Hydrogen atoms in leaf carbohydrates (e.g. sugars and starch) and n-alkanes are derived from the same leaf's water, but their δ²H are different, owing to their distinct biochemical pathways (Schleucher et al., 1999). For example, among the prominent hydrogen isotope-fractionating processes that can lead to their different δ²H (Lehmann et al., 2024b), they can source different amounts of H atoms from nicotinamide adenine dinucleotide phosphate (NADPH), and these H atoms from NADPH can be a product of different NADPH-synthesis pathways (Sessions et al., 1999; Zhou et al., 2016; Wijker et al., 2019). Furthermore, their precursor molecule sources can vary between photosynthetic and glycolytic origins and differently represent short-term and long-term storage (Cormier et al., 2018; Zhu et al., 2020; Lehmann et al., 2024b). Further, nonfractionating (i.e., mixing) processes likely further affect carbohydrate and n-alkane δ²H differently, owing to their different metabolic fates – and these are particularly relevant in field studies (e.g. Leppä et al., 2022). The combined consequences of isotope-fractionating and nonfractionating processes, to δ²H_alkane and leaf carbohydrate δ²H, are poorly understood. Therefore, it is highly valuable to investigate δ²H_alkane and leaf carbohydrate δ²H together, to elucidate their physiological and environmental information, enhancing our understanding of the relative importance of their different drivers.

Temporal integration perspectives

A key step towards elucidating intra-annual physiological and environmental signals from leaf δ²H_alkane, δ²H_WSC and δ²H_starch in situ is quantifying important temporal aspects that could otherwise interfere with finding prevailing trends. Time integration has been long-established in the interpretation of δ¹⁸O in organic compounds, especially tree rings (Gessler et al., 2009; Pérez-de-Lis et al., 2022), and it is known to be important for the transfer of the δ¹⁸O signal from leaf water to foliar water-soluble organic matter (Barnard et al., 2007), WSC (Leppä et al., 2022) and resin (Tang et al., 2024). Therefore, it is long overdue to determine whether time-integrated, intraseasonal signals are revealed from δ²H_alkane, δ²H_WSC and δ²H_starch. This is outstandingly relevant for δ²H_alkane because n-alkanes are gradually accumulated during leaf development (Jetter et al., 2000). Indeed, leaf wax measurements from the evergreen shrub Prunus laurocerasus have shown that the leaf wax layer continues to thicken after leaf expansion; there were 10 molecular layers in 10-d-old leaves during expansion, c. 20 molecular layers after 50 d, and 1-yr-old leaves had 35–45 layers (Jetter et al., 2000; Jetter & Schäffer, 2001). Given that new leaf tissue growth coincides with the predominant wax production, it is a reasonable assumption that the leaf δ²H_alkane largely represents only the early stages of the leaf lifespan (Kahmen et al., 2011; Sachse et al., 2015; Freimuth et al., 2017). Other recent studies argue for the continuous formation of n-alkanes in leaves during the growing season (Speckert et al., 2023) and rapid response of n-alkane formation as a response to environmental stress such as drought, without increased concentration of n-alkanes in the wax layer (Srivastava & Wiesenberg, 2018). Since temperature and elevated CO₂ can affect the composition of n-alkanes and their precursors, fatty acids, within leaves (Ofiti et al., 2023), the hydrological signal in δ²H_alkane may not only be obscured by integration time but also the variability in conditions exposed to leaves during their integration.

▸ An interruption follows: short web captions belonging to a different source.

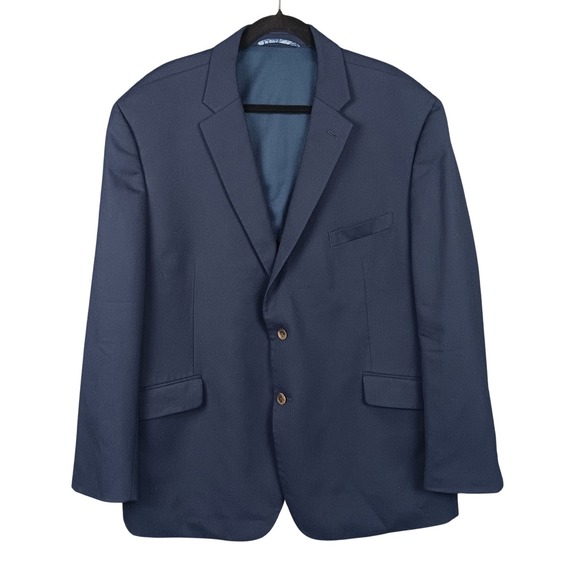 Joseph Abboud White Mens Blazer Size 50R Navy Blue Wool Blend Sport Coat - Picture 1 of 8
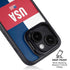 USA Flag Color Block iPhone 15 Kickstand Case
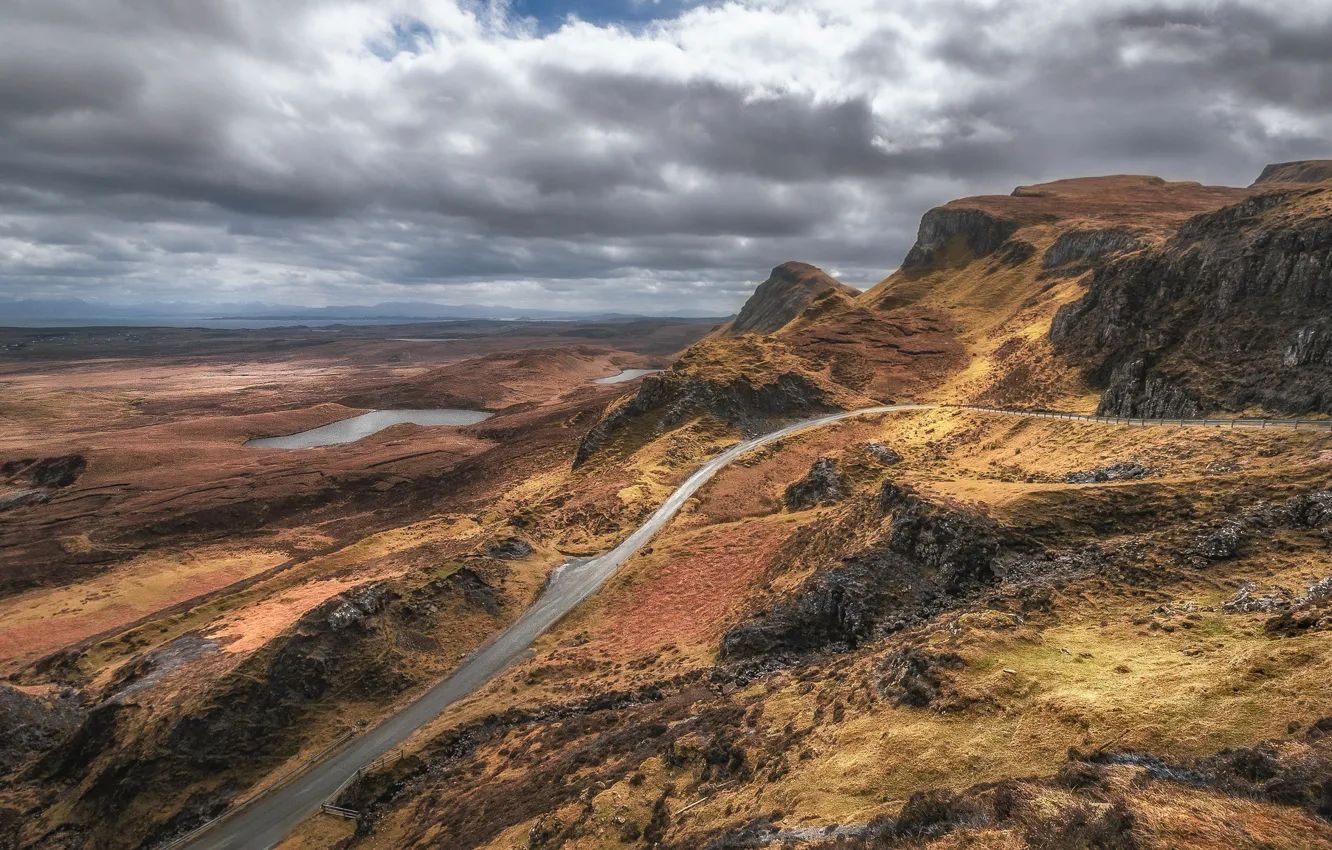 Фото обои дорога, облака, горы, Шотландия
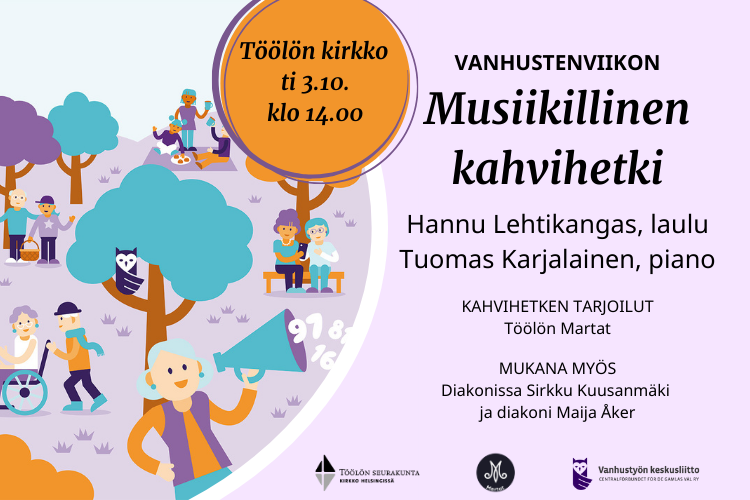 Vanhustenviikon grafiikkaa; ihmisiä piknikillä puistossa.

Evidence from WSC δ¹⁸O would suggest that the δ²H_WSC integration period during a growing season can vary from within 48 h to more than 5 d (Leppä et al., 2022). Meanwhile, the δ²H_starch integration period could depend on the relative contribution of transitory starch to the total leaf starch pool. If the leaf starch pool is mostly transitory, the δ²H_starch integration period will likely be 1 d (Weise et al., 2011; Fernandez et al., 2017).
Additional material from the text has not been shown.